Task requirements: From the first line to the last, set down the material exactly and drop every picture.

Data segment:
┄┄┄┄┄┄┄┄┄┄

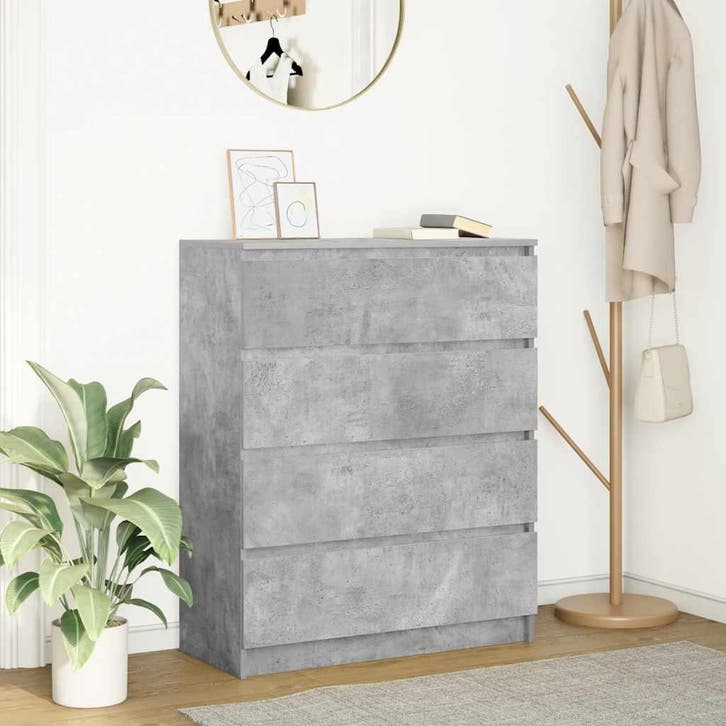 vidaXL Dressoir 80x35x99 cm spaanplaat betongrijs, Huis en Inrichting, Kasten | Dressoirs, Nieuw, Verzenden
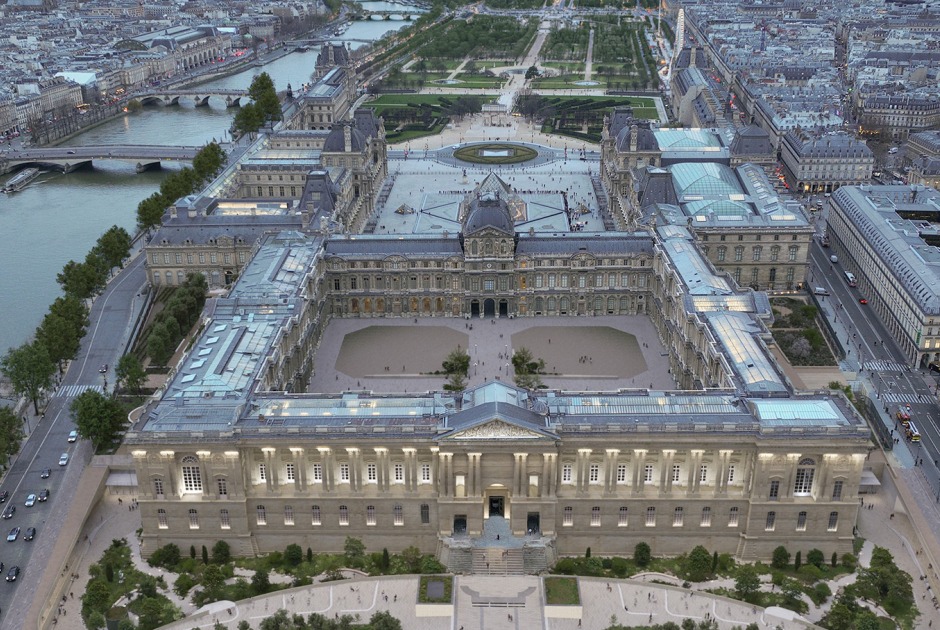 Vista aérea del eje histórico de París, propuesta de STUDIOS Architecture Paris y Selldorf Architects. Visualización por Vincent Atelier.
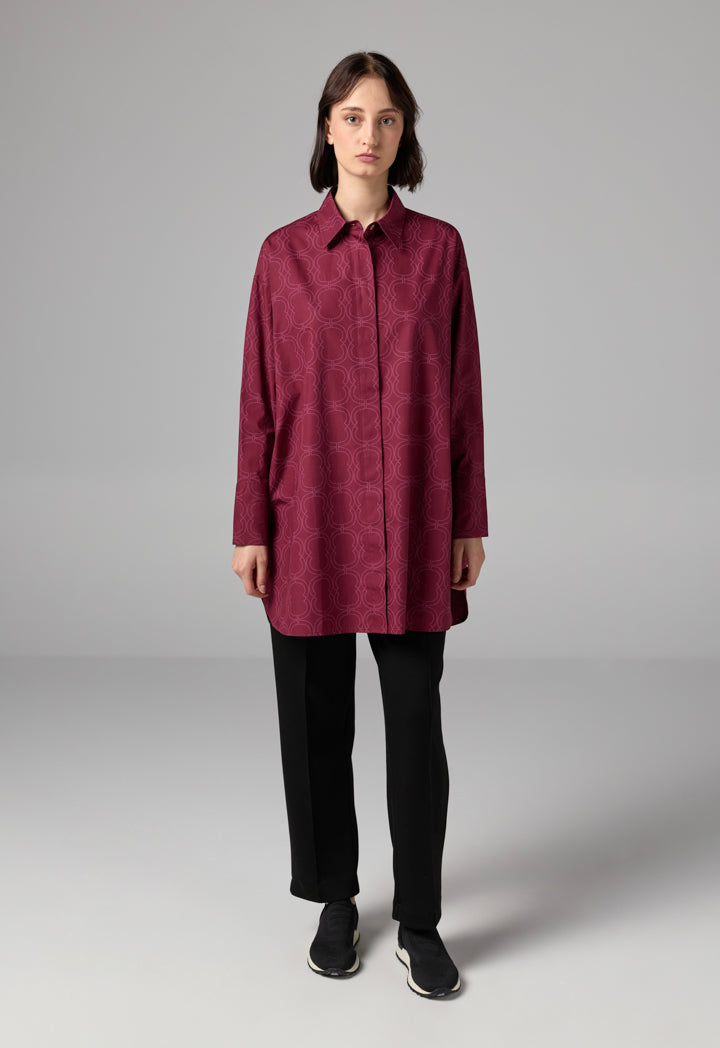 Choice Printed Monogram Long Sleeve Shirt  Burgundy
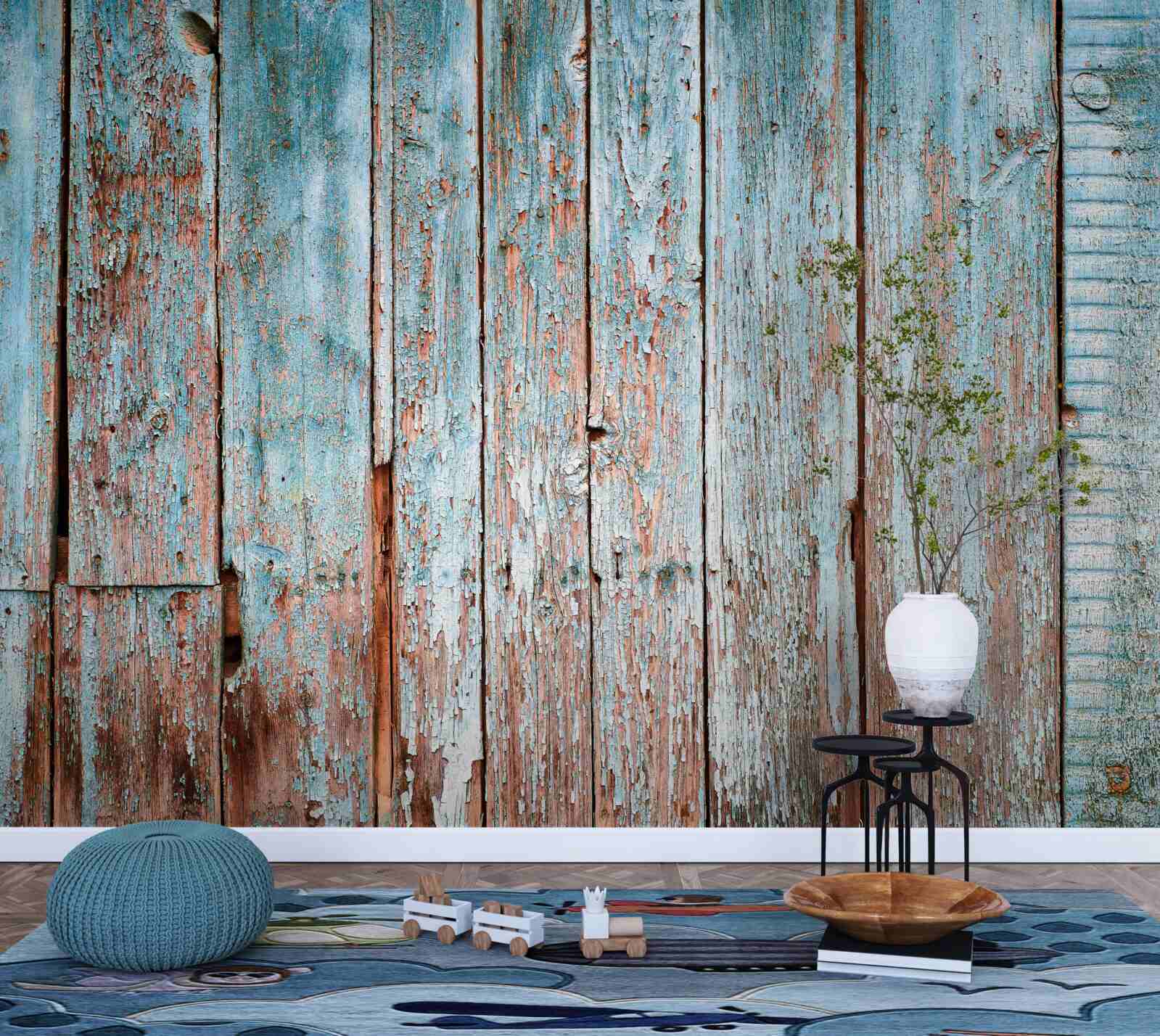 Фотошпалери тло зі старих балок у відтінках сірого та синього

┄┄┄┄┄┄┄┄┄┄

Output for this task:
 vidaXL Dressoir 80x35x99 cm spaanplaat betongrijs, Huis en Inrichting, Kasten | Dressoirs, Nieuw, Verzenden
 Vista aérea del eje histórico de París, propuesta de STUDIOS Architecture Paris y Selldorf Architects. Visualización por Vincent Atelier.
 Choice Printed Monogram Long Sleeve Shirt  Burgundy
 Фотошпалери тло зі старих балок у відтінках сірого та синього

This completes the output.